REQUIRED WORK
Copy the data that appears below exactly. Drop the pictures.

DATASET EXCERPT
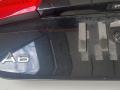 крышка багажника (дверь 3-5) Audi A6 4G/C7 2013, 2.8 л., CHVA, бензин, АКПП, седан, 4G5827023C - фото №5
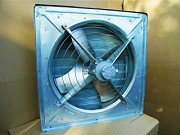 Вентиляторы Уфа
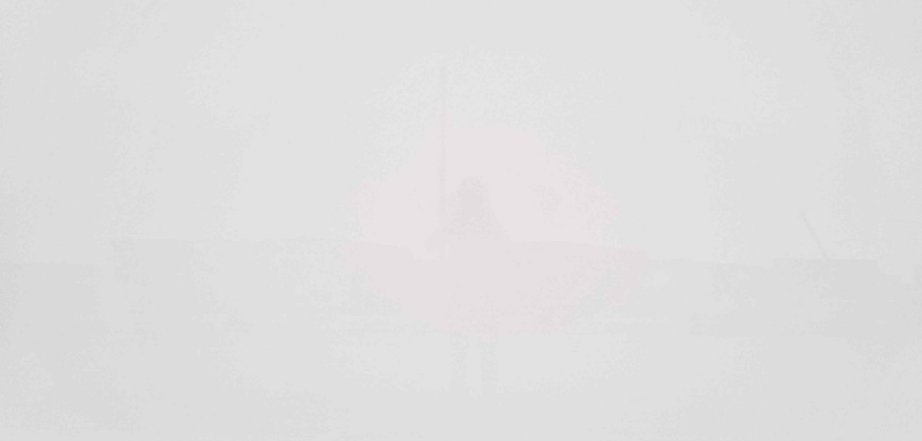 JUST WHITE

REPLY
 крышка багажника (дверь 3-5) Audi A6 4G/C7 2013, 2.8 л., CHVA, бензин, АКПП, седан, 4G5827023C - фото №5
 Вентиляторы Уфа
 JUST WHITE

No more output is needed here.